Re: RFC: Logging plan of the running query

From: torikoshia <torikoshia(at)oss(dot)nttdata(dot)com>
To: Ashutosh Bapat <ashutosh(dot)bapat(dot)oss(at)gmail(dot)com>
Cc: pgsql-hackers(at)lists(dot)postgresql(dot)org, Étienne BERSAC <etienne(dot)bersac(at)dalibo(dot)com>, Andres Freund <andres(at)anarazel(dot)de>, jtc331(at)gmail(dot)com, rafaelthca(at)gmail(dot)com
Subject: Re: RFC: Logging plan of the running query
Date: 2024-02-13 00:19:03
Message-ID: 1b2b247530f3ff3afab4ddc2df222e8b@oss.nttdata.com
Views: Raw Message | Whole Thread | Download mbox | Resend email
Thread:
Lists: pgsql-hackers

On 2024-02-07 19:14, torikoshia wrote:
> On 2024-02-07 13:58, Ashutosh Bapat wrote:

>> The prologue refers to a very populated
>> lock hash table.
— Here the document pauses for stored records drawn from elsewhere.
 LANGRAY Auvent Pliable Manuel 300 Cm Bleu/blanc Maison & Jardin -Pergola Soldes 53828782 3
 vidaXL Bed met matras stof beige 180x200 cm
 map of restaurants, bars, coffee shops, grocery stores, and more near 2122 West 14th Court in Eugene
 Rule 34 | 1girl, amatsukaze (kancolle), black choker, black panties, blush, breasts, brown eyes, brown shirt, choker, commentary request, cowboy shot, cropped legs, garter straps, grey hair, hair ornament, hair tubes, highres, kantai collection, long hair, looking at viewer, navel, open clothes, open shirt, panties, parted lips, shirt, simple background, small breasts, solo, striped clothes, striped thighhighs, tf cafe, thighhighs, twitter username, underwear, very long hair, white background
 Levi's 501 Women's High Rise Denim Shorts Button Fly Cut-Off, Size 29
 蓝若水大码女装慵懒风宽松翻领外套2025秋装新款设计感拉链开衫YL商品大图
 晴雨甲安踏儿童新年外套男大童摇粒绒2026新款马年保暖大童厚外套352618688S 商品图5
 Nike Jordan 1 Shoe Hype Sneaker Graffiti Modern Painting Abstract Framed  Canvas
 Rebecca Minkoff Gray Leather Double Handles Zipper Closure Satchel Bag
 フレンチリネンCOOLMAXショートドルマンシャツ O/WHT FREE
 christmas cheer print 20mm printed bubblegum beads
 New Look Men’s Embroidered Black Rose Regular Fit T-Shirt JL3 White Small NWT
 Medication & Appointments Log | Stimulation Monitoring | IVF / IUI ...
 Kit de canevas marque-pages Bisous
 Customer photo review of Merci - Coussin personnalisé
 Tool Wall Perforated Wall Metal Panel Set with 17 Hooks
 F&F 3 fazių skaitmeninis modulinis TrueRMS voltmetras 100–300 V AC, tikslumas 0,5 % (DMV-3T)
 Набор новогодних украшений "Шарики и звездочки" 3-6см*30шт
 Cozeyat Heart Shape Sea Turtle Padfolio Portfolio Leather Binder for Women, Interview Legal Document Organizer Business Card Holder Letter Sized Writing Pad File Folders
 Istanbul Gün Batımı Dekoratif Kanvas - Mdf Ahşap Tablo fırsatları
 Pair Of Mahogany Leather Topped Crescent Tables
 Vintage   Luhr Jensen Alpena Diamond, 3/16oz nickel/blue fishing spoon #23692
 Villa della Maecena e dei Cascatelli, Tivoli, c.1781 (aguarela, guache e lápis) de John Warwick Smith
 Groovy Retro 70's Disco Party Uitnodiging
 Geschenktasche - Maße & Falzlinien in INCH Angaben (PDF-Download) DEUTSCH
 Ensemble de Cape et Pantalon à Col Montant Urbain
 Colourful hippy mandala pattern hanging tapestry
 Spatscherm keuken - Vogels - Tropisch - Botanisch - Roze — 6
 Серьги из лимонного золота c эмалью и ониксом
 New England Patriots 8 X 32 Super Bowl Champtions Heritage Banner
I think that will happen if thousands of tables are
>> queried in a single query OR a query runs on a partitioned table with
>> thousands of partitions. May be we want to try that scenario.
>
> OK, I'll try such cases.

I measured this using partitioned pgbench_accounts with some
modification to v36[1].
The results[2] show that CPU time increases in proportion to the number
of partitions, and the increase is not that large.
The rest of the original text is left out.